CD Review: Rosśa Crean & Aiden K. Feltkamp’s ‘The Priestess of Morphine’
An Fascinating Opera on Erotica and Morphine in the Third Reich
By Ona JarmalavičiūtėThe joined forces by librettist Aiden K. Feltkamp and composer Rosśa Crean brings the incredible story of Gertrud Günther (also known as Marie Madeleine) on a stage for the first time in the monodrama, called the “The Priestess of Morphine: The Lost Writings of Marie-Madeleine.”
Premiered on June 28, 2019, in the International Museum of Surgical Science, opera was soon recorded and presented as an album with the same title. Both creators of “The Priestess of Morphine” Feltkamp and Crean champion new classical music and opera, attempting in this form to communicate and be understood across the whole humanity. A beautiful portrait here brought into light is used as a vessel to openly see and discuss various topics, as much urgent now as back in the time of World War II – identity, drug abuse, and sexuality.
Meticulous Biography
The meticulous biography was based on the heroine, Marie-Madeleine’s collections of poems and prose narratives, telling the story of the young Jewish lesbian Gertrud Günther. Her erotic writings describe and remember a girl caught between her two selves during the Third Reich, who bravely sought her inner truth and passions while forced to live in the shadows. Born in 1881, in a middle-class Jewish family, Gertrud Günther aka Marie-Madeleine aka Baronness Von Puttkamer grew up to be a poet and novelist. Starting to write at the age of fifteen, she wrote over forty-six books, thus establishing a name for herself as a writer of lyrical, sensual, erotic, and passionate poetry and prose.
No wonder her bestselling books of the early twentieth-century were deemed as shocking and sensational, as they openly dealt with the author’s eroticism and love for morphine. Even “Auf Kypros” – her first book of poetry under the pen-name Marie-Madeleine, which was published at the age of nineteen (1900), was a collection of lesbian-themed erotic verses. At the time her work was seen as pornographic – contra to societal standards of morality.
Although her poetry reveals her as a lesbian, Marie-Madeleine had married a man from the Pomeranian nobility who was thirty-five years her senior – Baron Heinrich Georg Ludwig von Puttkamer – and moved into a villa in Grunewald, Germany, where she became a socialite and began using morphine recreationally. By 1910, her writings were not only centered on lesbian erotic love but also on the use of morphine. It comes as no surprise that her husband’s death in 1914 led to her morphine addiction. “No more seeing, no hearing, no feeling! — I want to tumble into the night, into the dark night,” writes Marie-Madeleine at that time, lamenting her husband’s death and praising morphine as her reprieve from agony.

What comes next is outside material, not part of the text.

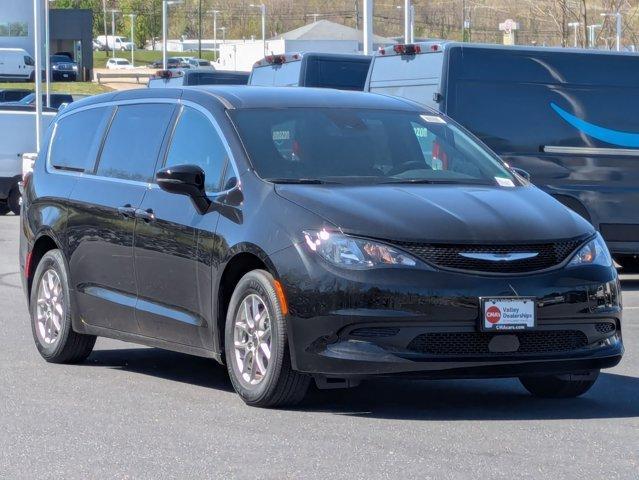 new 2025 Chrysler Voyager car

She enjoyed immense popularity throughout her life and her books were published in the thousands (“Auf Kypros” sold over one million copies during her lifetime). That is until the year 1932 when Nazis condemned her work as degenerate and most of her books were destroyed. Despite the obvious threat to her personal safety, Gertrud Günther continued writing in defiance of the Nazi mores. In 1943, she entered a sanatorium for morphine addiction where she died a mysterious death while under the care of Nazi doctors only a year later.
Brimming with Emotion
The poems and prose presented in ‘Priestess of Morphine’ brim with eroticism, intoxication, desire, pain, jealousy, loneliness, and passion. Many of them were translated for the first time into English by the librettist Aiden K. Feltkamp. The cover illustration (Eugène Grasset’s The Morphine Addict (1896) depicts a young woman injecting herself with a needle of morphine.
The monodrama’s unusual story is parted into three main sections that reflect the time period before, during, and beyond Marie-Madeleine’s addiction to morphine. The first period “Opus with Erotica” includes poems from “Auf Kypros;” the second one “Opus with Morphium,” includes novellas and poems from the collection “Taumel” and “Requiem for a Modern Poet,” commemorate both her own poems and a number of poems and images by others.
Together with the intriguing structure of the monodrama, the ensemble is the most unique. Silence filled with tension and anticipation is pretty much the main creative tool for this piece. On stage, sopranos Jessie Lyons and Katherine Bruton represent each side of Gertrud’s life—one mature and narrative, the other youthful and poetic. Unusual instruments, such as the vibraphone and the waterphone, weave unexpected textures and moods with violin and cello floating between traditional and percussive styles, lulling the audience into a sensual, dreamlike state.
This powerful and perceptive opera is the most comfortable way to explore the young woman’s suffocating trauma, by situating Marie-Madeleine’s work in the historical and artistic consciousness of the time with an eye towards healing. The new opera and recording make Marie-Madeleine a rediscovered heroine of lesbian and drug literature.